* **ASSIGNED TASK**
Restate the whole listing below word for word and keep the images out.

* **RECORDS SHOWN**
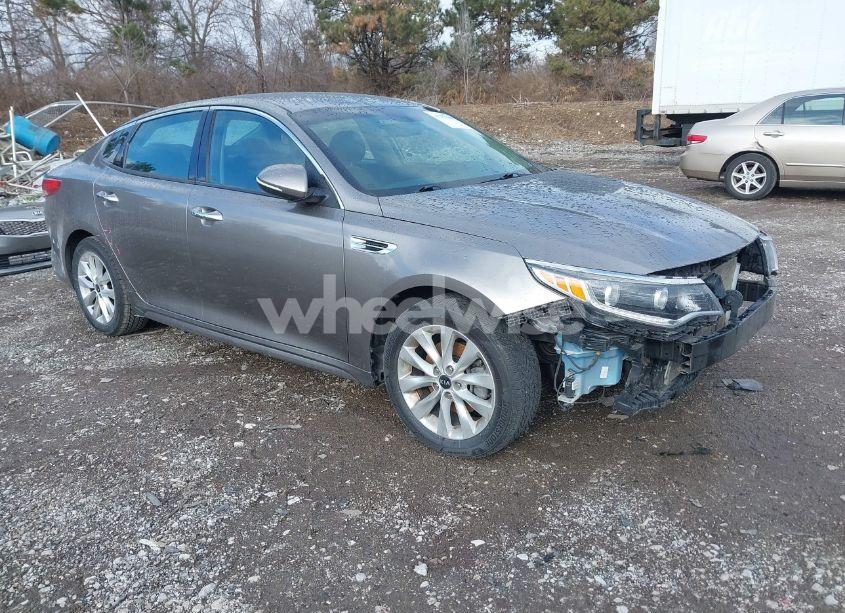 2017 Kia Optima EX (VIN 5XXGU4L33HG158438) main photo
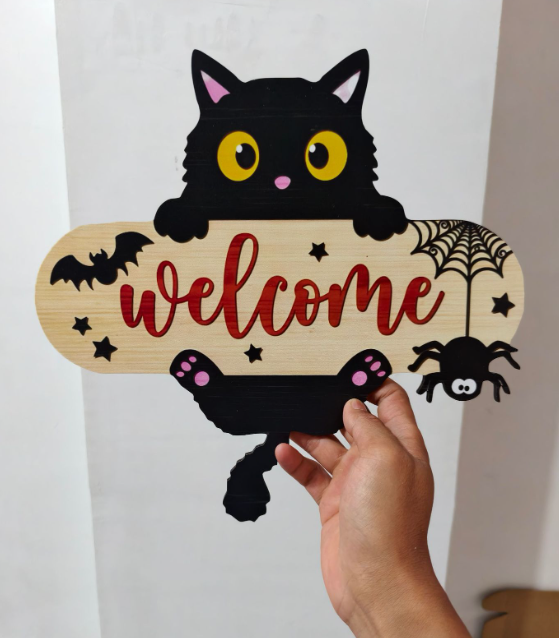 Halloween Wooden Hanging Door Sign - product details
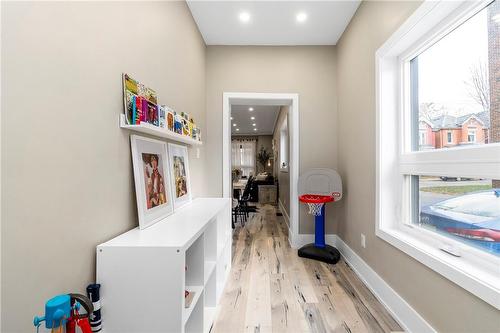 88 Erie Avenue, Hamilton, ON - Indoor Photo Showing Other Room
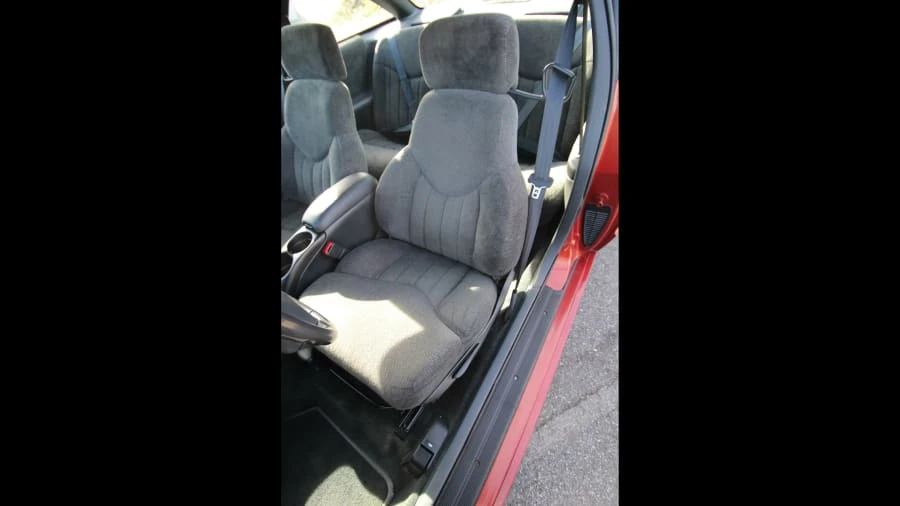 1996 Oldsmobile Cutlass Ciera - Image 21 of 31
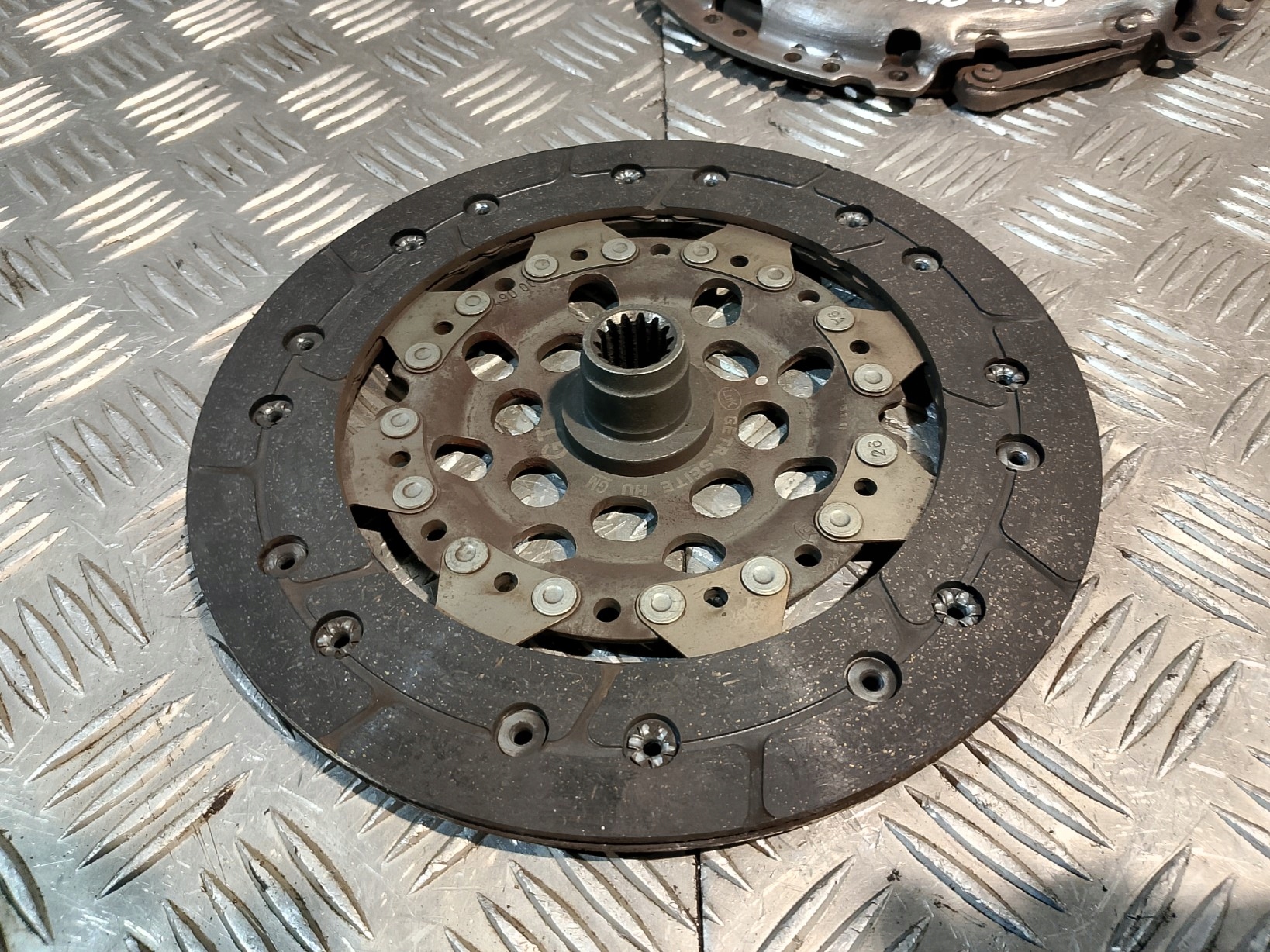 Embrayage Disque + de pression OPEL CORSA D 1.3 CDTI 75 KM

* **REPLY**
 2017 Kia Optima EX (VIN 5XXGU4L33HG158438) main photo
 Halloween Wooden Hanging Door Sign - product details
 88 Erie Avenue, Hamilton, ON - Indoor Photo Showing Other Room
 1996 Oldsmobile Cutlass Ciera - Image 21 of 31
 Embrayage Disque + de pression OPEL CORSA D 1.3 CDTI 75 KM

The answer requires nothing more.